The Swedish model as a solution to the bank crisis, as proposed in the
Financial Times.
Ann
The Swedish model is the best hope for western banks
By Christopher Wood
Published: January 20 2009 02:00 | Last updated: January 20 2009
02:00
As newspaper headlines are full of stories about more forced capital
injections by governments into leading American and British banks, it has
surely become time to end the present ad hoc approach to the intensifying
banking crisis.
In the US and Britain most of the big banks have now become a weird
hybrid of public and private sector, given growing government equity
stakes in these banks. This raises the issue of the deeply flawed policy
response to the crisis. This is that if the authorities are not prepared
to let insolvent financial institutions go bust, which would be the
quickest, most effective way to correct excesses, as the Lehman precedent
demonstrates, the next best way is to nationalise the, in effect bust,
banks outright.

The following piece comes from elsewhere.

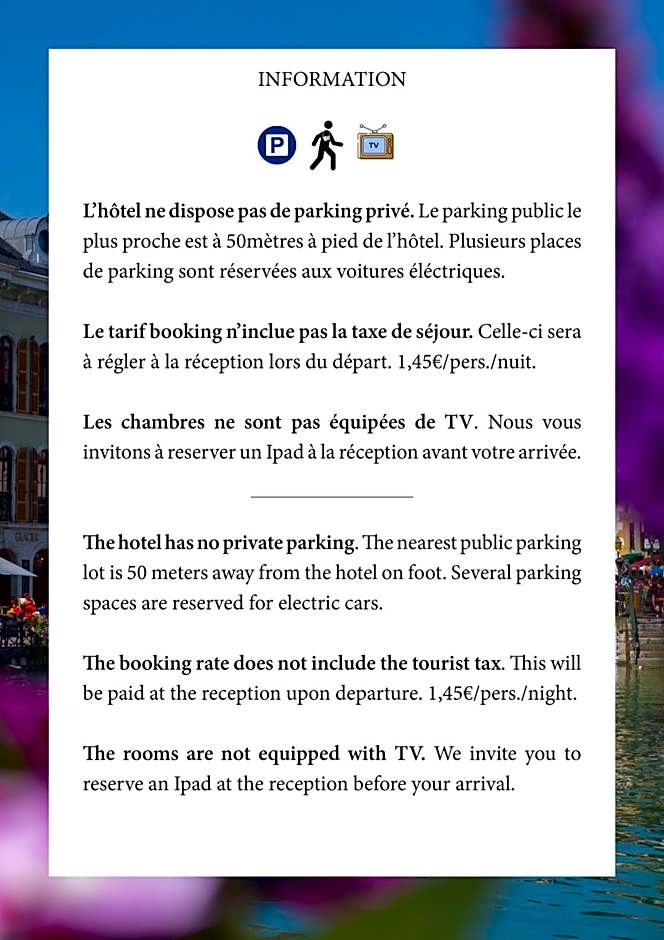 Le Boutik Hotel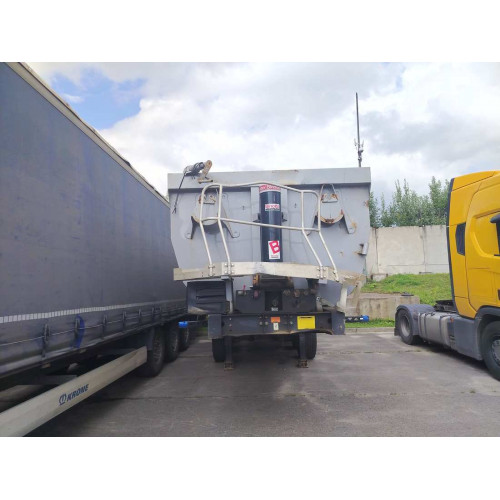 Grunwald 9453 Полуприцеп самосвальный 9453-0000010-50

This remains the opposite of what is happening in the US
and the other country most vulnerable to an imploding financial services
sector, namely Britain. Rather, what is happening is nationalisation by
stealth.
This approach reached its ludicrous extreme in the November bail-out of
Citigroup, where the US government put more money in than the entire
market capitalisation of the company on the day the deal was announced.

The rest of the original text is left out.